■ Work to complete: Reproduce the listing below word for word, with no pictures.
*** Available data ***
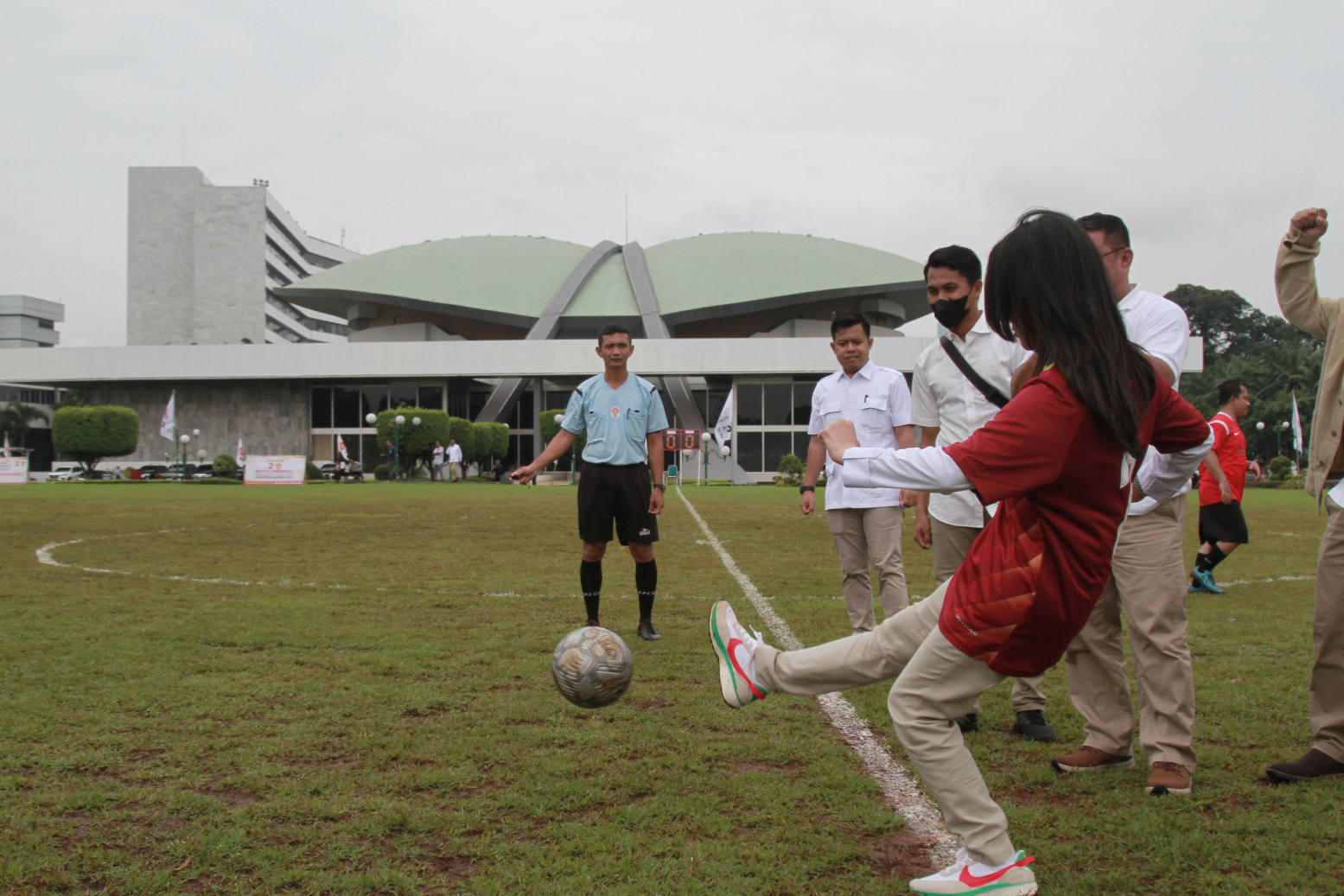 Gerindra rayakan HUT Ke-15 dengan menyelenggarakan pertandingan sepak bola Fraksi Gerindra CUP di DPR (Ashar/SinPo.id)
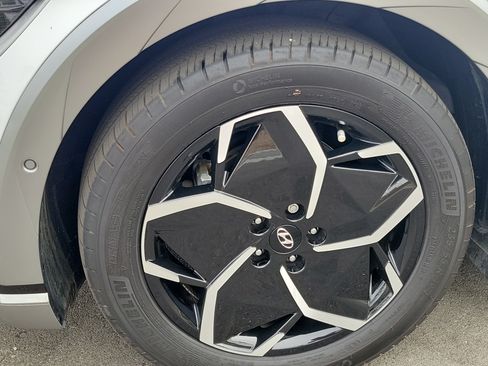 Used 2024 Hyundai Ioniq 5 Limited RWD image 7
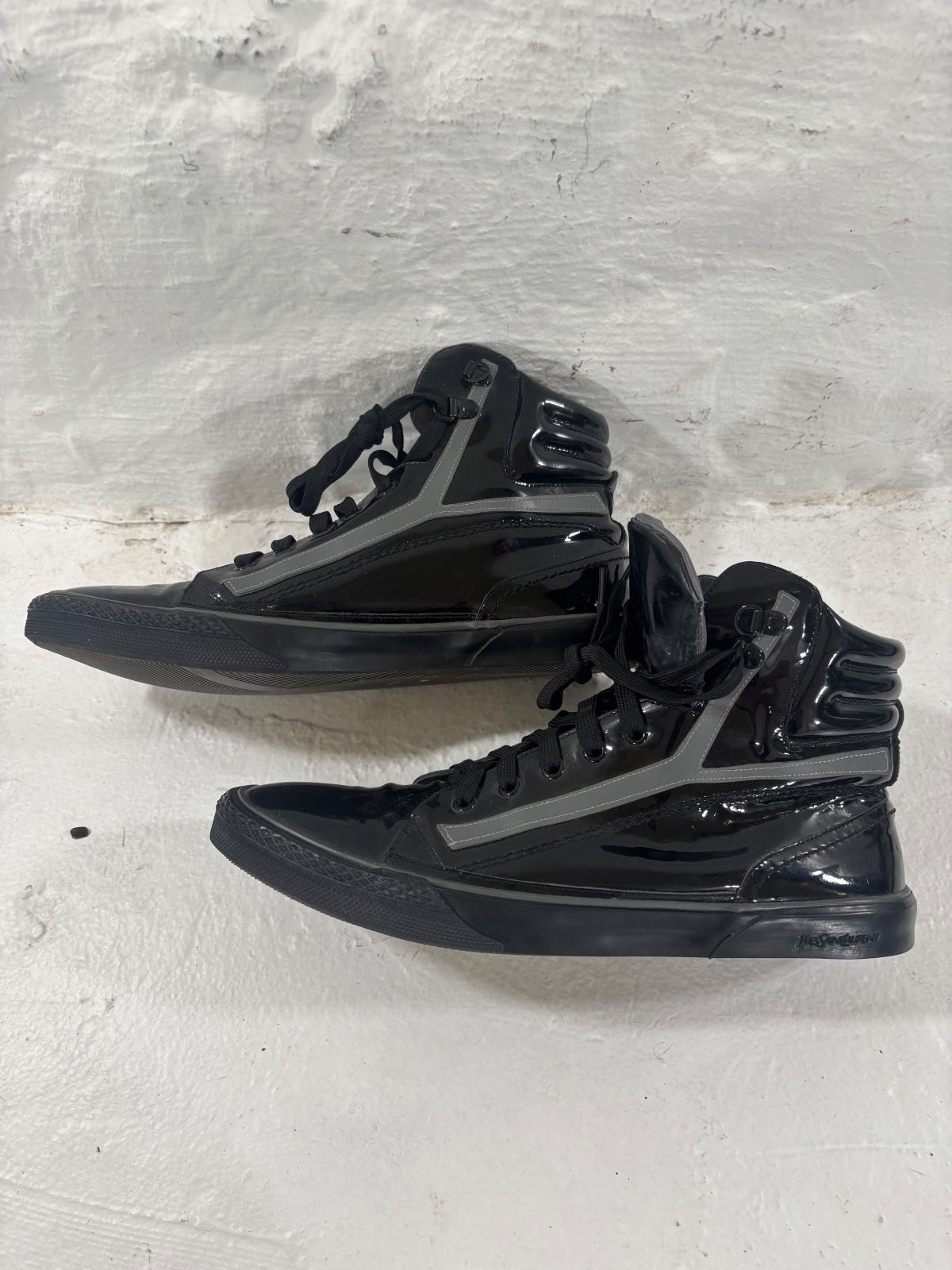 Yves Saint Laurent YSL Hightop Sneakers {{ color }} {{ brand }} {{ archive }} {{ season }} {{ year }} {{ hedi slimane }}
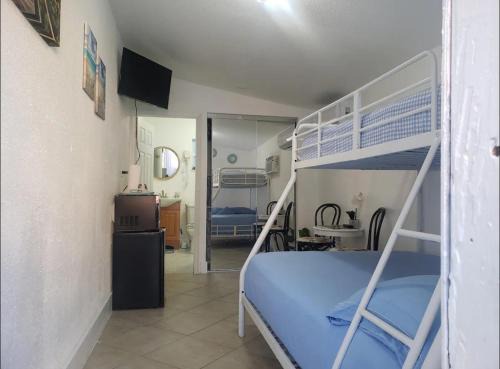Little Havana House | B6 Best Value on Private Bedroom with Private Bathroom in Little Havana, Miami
***
■ Task answer:
 Gerindra rayakan HUT Ke-15 dengan menyelenggarakan pertandingan sepak bola Fraksi Gerindra CUP di DPR (Ashar/SinPo.id)
 Used 2024 Hyundai Ioniq 5 Limited RWD image 7
 Yves Saint Laurent YSL Hightop Sneakers {{ color }} {{ brand }} {{ archive }} {{ season }} {{ year }} {{ hedi slimane }}
Little Havana House | B6 Best Value on Private Bedroom with Private Bathroom in Little Havana, Miami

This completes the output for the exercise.